Copy each line below as it stands, but skip any picture it contains.

[[ COLLECTED DATA open ]]

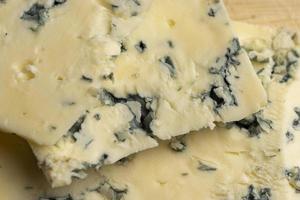 Cheese with blue mold cut into pieces photo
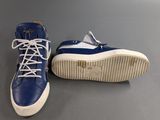 blue and white high top sneakers with laces on the sole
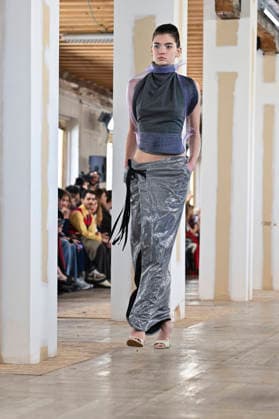 Mercedes-Benz Fashion Week Madrid, Spain - 19 Mar 2026 A model walks the runway wearing a design by Ernesto Naranjo during Mercedes-Benz Fashion Week de Madrid at Palacio Fernaz Nunoz. Madrid Spain Copyright: xAtilanoxGarciax xSOPAxImagesx photos09350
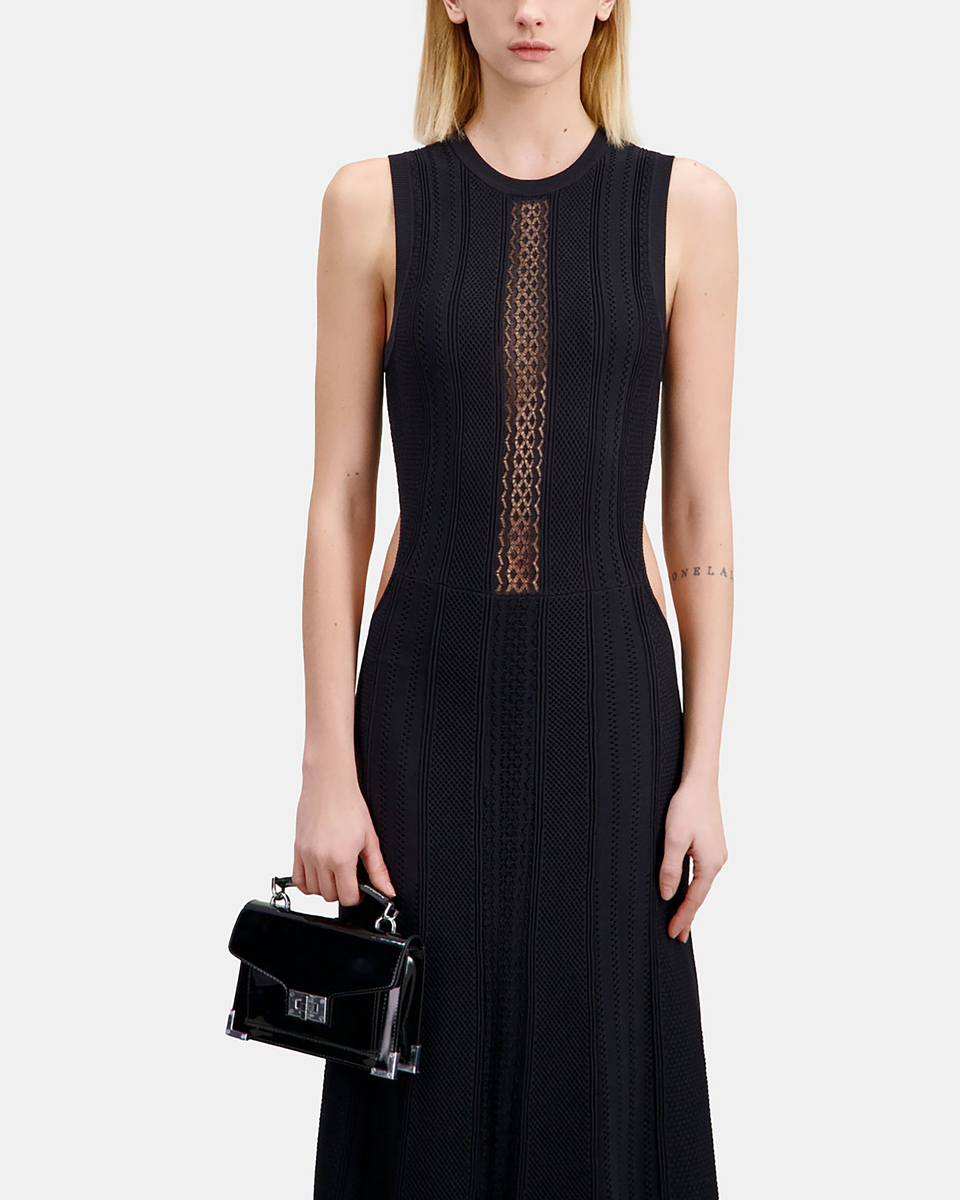 Long black openwork knit dress with openings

[[ COLLECTED DATA closed ]]

### WRITTEN ANSWER
 Cheese with blue mold cut into pieces photo
 blue and white high top sneakers with laces on the sole
 Mercedes-Benz Fashion Week Madrid, Spain - 19 Mar 2026 A model walks the runway wearing a design by Ernesto Naranjo during Mercedes-Benz Fashion Week de Madrid at Palacio Fernaz Nunoz. Madrid Spain Copyright: xAtilanoxGarciax xSOPAxImagesx photos09350
 Long black openwork knit dress with openings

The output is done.